Breaking News: Work to Rule Ended, So What Happened?

Nancy Zuo and Kritika Sachar

After months of tension between FUDTA and FUSD, Work to Rule finally ended on Wednesday, Feb. 13. However, it was apparent that the conflict remained unresolved when students came to school Monday, Feb. 25 to find 72 of 95 teachers absent.

Principal Melsby sent out an email at 7:02 am, explaining “that we have a large number of teachers out today and not enough substitute teachers. There is a possibility that in some classes you may not have a teacher or substitute.”

Only 42 out of 72 classes were covered by substitute teachers. On the door to every classroom, signs were posted, redirecting students to the gym, cafeteria, library, or other areas if a teacher was not present. For the sake of simplicity, students were told to remain in their second period location rather than a separate advisory classroom.

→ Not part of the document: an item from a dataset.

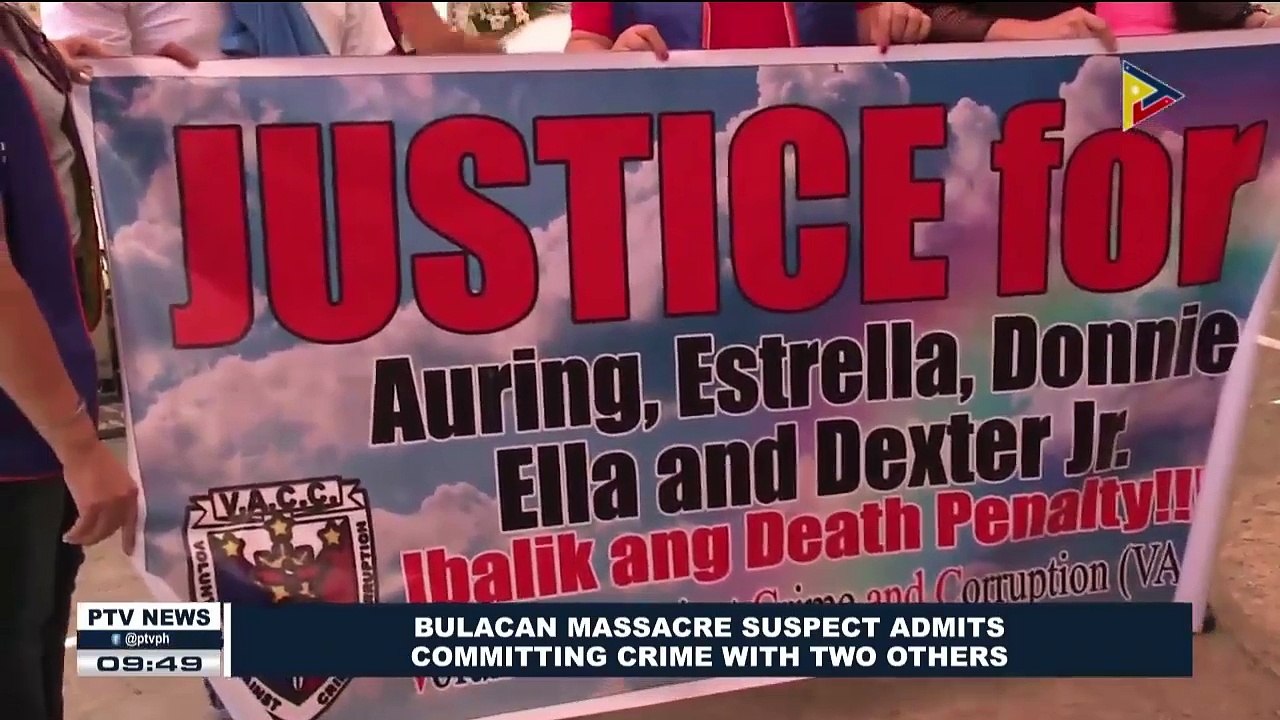 Bulacan massacre suspect admits committing crime with two others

With attendance sheets from every class, the attendance clerks worked until 6:00pm to log data into the system. Attendance also had to log in data from the large amount of students that were absent, or went home during the day.

While the district did not inform substitutes about the demonstration, the district did send an email requesting a “HIGH NEED FOR SUBS” for Irvington High school prior to Monday on Netpost, the platform in which substitutes can view open slots in the district.While most substitute teachers came from within the school district, Irvington’s unusually high demand meant that assistance from other school districts was required.

Substitute teachers that work during a strike, known as strikebreakers (or scabs), are paid significantly more than usual due to the increase in demand. Since the demonstration yesterday was not a strike, substitute teachers were paid a normal wage.

While the demonstration is not the first in the school district (Mission San Jose High’s occurring just one week ago), it has left an impact on students, parents, and administration.